Seen 3rd July


In the 2004 film Team America Matt Stone and Trey Parker posed a very simple question, “Why does Michael Bay get to keep on making movies?”. They were referring to Pearl Harbor, A film where Michael Bay decided to turn one of the worst attacks on America into a love story. Well, good news, Michael Bay is no longer desecrating American history… he’s moved on to desecrating the entire planet’s history, science, logic, basic movie making and humanity in general.

You know a film is going to be bad when it opens with a great battle from ancient Arthurian legend and it decides that Merlin was actually a drunken charlatan who lied his way to the top and is only able to help by finding a large red robot hidden in a cave who can give him a magic staff to save the day.
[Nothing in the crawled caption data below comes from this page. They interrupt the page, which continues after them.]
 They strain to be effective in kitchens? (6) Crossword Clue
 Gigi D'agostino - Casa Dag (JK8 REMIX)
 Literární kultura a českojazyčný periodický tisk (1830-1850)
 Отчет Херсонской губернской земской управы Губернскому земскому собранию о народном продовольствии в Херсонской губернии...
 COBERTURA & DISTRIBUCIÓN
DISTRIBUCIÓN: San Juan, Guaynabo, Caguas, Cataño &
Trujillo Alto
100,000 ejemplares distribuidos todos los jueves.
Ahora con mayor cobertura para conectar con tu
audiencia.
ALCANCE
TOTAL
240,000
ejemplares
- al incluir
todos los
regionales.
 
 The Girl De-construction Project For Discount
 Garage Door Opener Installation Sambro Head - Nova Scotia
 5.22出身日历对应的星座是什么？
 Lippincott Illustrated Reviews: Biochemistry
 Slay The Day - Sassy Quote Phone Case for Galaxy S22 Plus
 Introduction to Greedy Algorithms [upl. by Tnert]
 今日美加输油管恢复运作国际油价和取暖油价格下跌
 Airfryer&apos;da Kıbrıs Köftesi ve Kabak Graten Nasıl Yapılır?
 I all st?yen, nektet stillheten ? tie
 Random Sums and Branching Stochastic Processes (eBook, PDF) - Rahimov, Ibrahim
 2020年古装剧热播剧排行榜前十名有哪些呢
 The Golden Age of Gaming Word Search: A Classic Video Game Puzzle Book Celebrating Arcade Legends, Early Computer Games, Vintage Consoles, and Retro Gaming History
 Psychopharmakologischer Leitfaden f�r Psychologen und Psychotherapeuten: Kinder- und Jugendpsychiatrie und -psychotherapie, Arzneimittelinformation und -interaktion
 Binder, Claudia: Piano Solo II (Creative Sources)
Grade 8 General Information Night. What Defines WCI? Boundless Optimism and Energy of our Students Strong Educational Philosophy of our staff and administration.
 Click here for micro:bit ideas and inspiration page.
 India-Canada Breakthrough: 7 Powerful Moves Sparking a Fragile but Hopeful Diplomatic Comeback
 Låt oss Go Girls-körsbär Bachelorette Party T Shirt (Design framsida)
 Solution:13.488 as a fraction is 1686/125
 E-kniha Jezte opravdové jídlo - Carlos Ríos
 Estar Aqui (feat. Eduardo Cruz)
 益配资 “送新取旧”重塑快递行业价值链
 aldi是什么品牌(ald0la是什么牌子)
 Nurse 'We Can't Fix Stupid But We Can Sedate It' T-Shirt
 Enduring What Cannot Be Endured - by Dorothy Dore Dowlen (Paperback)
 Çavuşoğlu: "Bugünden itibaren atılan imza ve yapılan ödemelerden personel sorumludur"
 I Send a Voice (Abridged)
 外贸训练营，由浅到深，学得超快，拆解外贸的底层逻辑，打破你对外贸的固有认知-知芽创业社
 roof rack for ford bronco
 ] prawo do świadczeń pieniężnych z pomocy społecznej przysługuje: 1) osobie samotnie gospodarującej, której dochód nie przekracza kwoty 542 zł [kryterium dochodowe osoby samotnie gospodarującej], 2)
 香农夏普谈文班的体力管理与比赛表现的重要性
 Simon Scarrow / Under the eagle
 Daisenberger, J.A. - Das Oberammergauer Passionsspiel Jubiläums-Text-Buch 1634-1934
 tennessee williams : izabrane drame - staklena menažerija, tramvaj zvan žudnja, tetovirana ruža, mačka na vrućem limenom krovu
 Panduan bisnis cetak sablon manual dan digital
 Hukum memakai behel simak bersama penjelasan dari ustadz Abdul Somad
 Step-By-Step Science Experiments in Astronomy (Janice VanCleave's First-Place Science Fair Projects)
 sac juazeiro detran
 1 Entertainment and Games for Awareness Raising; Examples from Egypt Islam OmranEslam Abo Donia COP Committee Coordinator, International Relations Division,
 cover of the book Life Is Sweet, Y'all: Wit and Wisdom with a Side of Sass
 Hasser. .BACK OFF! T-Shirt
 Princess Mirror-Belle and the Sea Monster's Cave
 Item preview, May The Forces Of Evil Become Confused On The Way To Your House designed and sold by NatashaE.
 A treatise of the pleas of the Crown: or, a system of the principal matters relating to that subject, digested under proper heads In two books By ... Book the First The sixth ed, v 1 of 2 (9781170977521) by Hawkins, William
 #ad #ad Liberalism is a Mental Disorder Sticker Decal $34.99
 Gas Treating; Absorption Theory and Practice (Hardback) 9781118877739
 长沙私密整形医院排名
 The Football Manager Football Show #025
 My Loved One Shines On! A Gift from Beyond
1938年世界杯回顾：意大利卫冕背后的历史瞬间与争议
It’s a violent battle scene that’s between Arthur’s team and the Saxon’s who were invading. This is just the opening scene and it’s just painful to watch because every few seconds we cut from this dramatic fight scene to Merlin being barely able to ride his horse because he is drunk off his ass. That’s how this film opens and somehow it’s all down hill from there. This film just enjoys pissing on historical events. Apparently an autobot fought the Nazi’s and a super watch covered in guns killed Hitler, because that’s how things work now.

The casting is better than this movie deserves by a mile. Anthony Hopkins is an Oscar winning actor who is known for being very authoritative and serious, making you need to pay attention to every word out of his mouth. In this film, his best moment is telling the Prime Minister of England to shut up and calling a transformer a bitch. Mark Wahlberg is an Oscar Nominee who is able to be imposing or kind depending on what you need from him. In this film he’s pretty… that’s it, that’s his function. He will be the randomly shirtless man of this movie and nothing else. John Goodman, Stanley Tucci, Tony Hale, John Turturro, these are all great actors and they are wasted in this movie. They aren’t just there to collect a check, they’re there for craft services and are desperate to finish the takes just so they could go get snacks. No one in this movie cares and no one behind the scenes cared either.

In film there is something very special known as the ‘Aspect Ratio’. This defines how big the frame is. Your old square TV was a 4:3, your new HDTV screen might be a 16:9. Films use this in order to set the mood. For example, in Quentin Tarantino’s recent film The Hateful Eight he filmed it in 2.76:1 in order to get a specific look, a grand old film look that would allow him to show the isolation of the main characters. In his earlier film Death Proof however, he shot the film in 2.35:1 which is basically standard widescreen and that worked for his gritty re-imagining of the grindhouse movie experience. I bring this up because Transformers 5 can’t pick a goddamn aspect ratio. It changes between scenes, sometimes it’s standard, other times it’s insane wide screen. IMDB lists 3 aspect ratios… no, no this is not good film making. If you want to use different camera’s fine but in the edit you better letter box some shots and keep it consistent because otherwise the edges of the frame dance around like a crack addict. It’s jarring and not even justified by the content of the scenes, wide angles shot with a wide angle lens will be intercut with close ups in a letterboxed shot. There is no stylistic reason for this other than basic incompetence.

Speaking of the fact that Michael Bay doesn’t know how to make movies, the editing in this film is beyond awful. People jump from location to location without so much as a mocking justification. People will end one shot wearing one outfit and walk into the next shot that allegedly takes place minutes later in a brand new outfit. One of the most basic shots, the two person conversation, is screwed because the editor decided to have Mark Wahlberg’s voice come out while Laura Haddock is on screen and then reverse it. Considering neither of them have particularly interesting reactions, maybe don’t use the take where they’re probably staring at a piece of tape because the other person in the scene went to get a bagel and Bay wanted a pick up shot!

The plot is incomprehensible, there’s like 12 of them crammed into this two and a half hour thing that is allegedly a movie. Basically Mark and Laura’s characters have to find the magic staff that was buried with Merlin (You know, the drunk charlatan) in order to stop some stupid space robot goddess from destroying the planet because reasons. Oh also, everyone dies in this movie about 30 times, or at least they would if anyone who made this movie understand how people work.

This movie is so bad, it’s an assault on cinema. It’s a poorly made mess by a man who knows that as long as he blows something up every 30 seconds that you will get people to applaud like monkeys at your objectively awful movie with no redeeming qualities. This movie made me  think of a line from a movie that I honestly love and it applies here so perfectly:

Kill everyone now! Condone first degree murder! Advocate cannibalism! Eat shit!

That line right there? That is a better more fulfilling piece of dialogue than anything you will find in Transformers. AVOID AT ALL COSTS!